Sin embargo, volver a Lima tampoco fue sencillo. Según Sueños bárbaros —que, como buena novela, se reserva el derecho a la ficción—, los campesinos no los dejaron salir del pueblo porque les debían la alimentación y el alojamiento de casi dos meses. Al final les pagaron —o se cobraron— con parte del vestuario y el grupo electrógeno. En Andahuaylas tuvieron que rematar una grabadora de cinta Uher y el equipo de luces para conseguir los pasajes de regreso.
Ya que Alencastre y Delucchi vivían en Barranco, sus casas se convirtieron en cuarteles improvisados. Allí se comía, se dormía, se bebía y hasta se filmaba, improvisando escenas en alguna sala de casa, consiguiendo extras entre las amigas de Alencastre o agregando ciertos personajes pintorescos de un pasado ya olvidado que pululaban por su barrio. “En ese proceso hay un lado muy heroico, de mucha solidaridad, y otro lado, que es el de los resultados artísticos y técnicos, que no fueron muy satisfactorios”, dice Alencastre, quien recuerda que recurrieron a alquilar sus propios equipos a otras producciones para financiarse. “Hubo un gran desprendimiento personal por parte de los actores y el equipo de producción, porque estuvimos en una situación en la que no sabíamos si íbamos a cobrar o no, pero todos se sintieron comprometidos por sacar la película adelante a pesar de todo”.
Distribución y decepción
“Una vez terminada, fuimos a ver la película porque no teníamos idea de cómo se había hecho la posproducción, el sonido y todo lo demás. Yo, que era el productor y que estaba en deuda y tenía muchas cuentas que pagar con los ingresos de la película, cuando terminé de verla sentí que, si hacer la producción había sido algo heroico, venderla iba a serlo mucho más”, cuenta Andrés entre risas.

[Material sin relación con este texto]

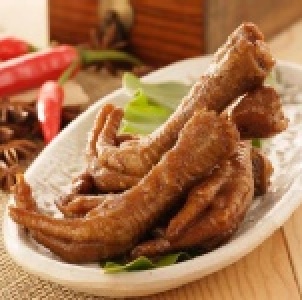 【漢方麻香雞腳】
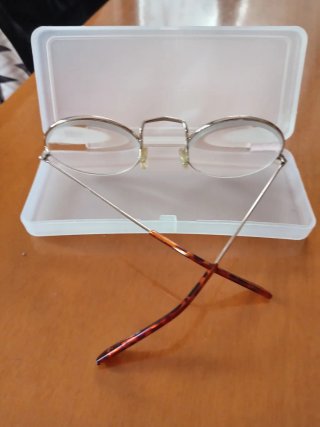 Montatura occhiali Vogue VO3243 Vintage oro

El producto no solo no fue bueno, a pesar del espíritu cooperativo de todos los involucrados, sino que la tardanza en su estreno dio como resultado que Francisco Lombardi —ganador tres veces en San Sebastián y hoy miembro de la Academia de Cine de Hollywood—, quien tenía un compromiso para distribuir la película, no pudiera hacerlo ya porque se habían juntado fechas con el estreno de su propio filme, La boca del lobo.

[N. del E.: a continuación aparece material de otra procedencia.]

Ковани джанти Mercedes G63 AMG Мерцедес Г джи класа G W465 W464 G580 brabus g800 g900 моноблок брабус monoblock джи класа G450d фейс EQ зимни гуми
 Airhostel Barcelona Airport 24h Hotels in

“Juan Manuel Ochoa llevaba unos rollos a un lado y yo también llevaba otros para tratar de conseguir financiamiento. Así nos paseamos por todas partes por semanas. Nos reunimos con muchos colegios para pedirles apoyo y hacer promociones 2 x 1 para poder levantar la taquilla y que no quiten la película de los cines muy pronto”, recuerda Alencastre sobre aquella odisea. Él mismo era funcionario del Centro de Estudios y Promoción del Desarrollo antes de iniciar la producción. Pidió un permiso de tres meses que se prolongó tanto que ya no solo se convirtió en un productor endeudado, sino en uno desempleado.
“Entre los que hicimos la película se hizo una relación muy fuerte, incluso con una mística en torno a Arguedas y su legado”, dice Alencastre. “El intento de hacer la película falló, pero todos tuvimos responsabilidades. Era una especie de tributo. Tras la muerte de Arguedas, yo me asumí como un arguediano. Aunque no refleje lo que hubiera esperado ver en una película de Arguedas, reivindicamos que no se truncan las cosas, se terminan”.
Dos eran los grandes temas de la novela: la amenaza inhumana de las grandes corporaciones capitalistas que se apoderaban de un país, y la modernización del mundo indígena, asimilado o sometido por aquel monstruo. De una u otra forma, ambos temas fueron también parte de la odisea que significó la filmación de Todas las sangres. De una u otra forma, también, siguen siendo temas vigentes en el Perú de hoy, tras casi 60 años de haberse publicado la novela.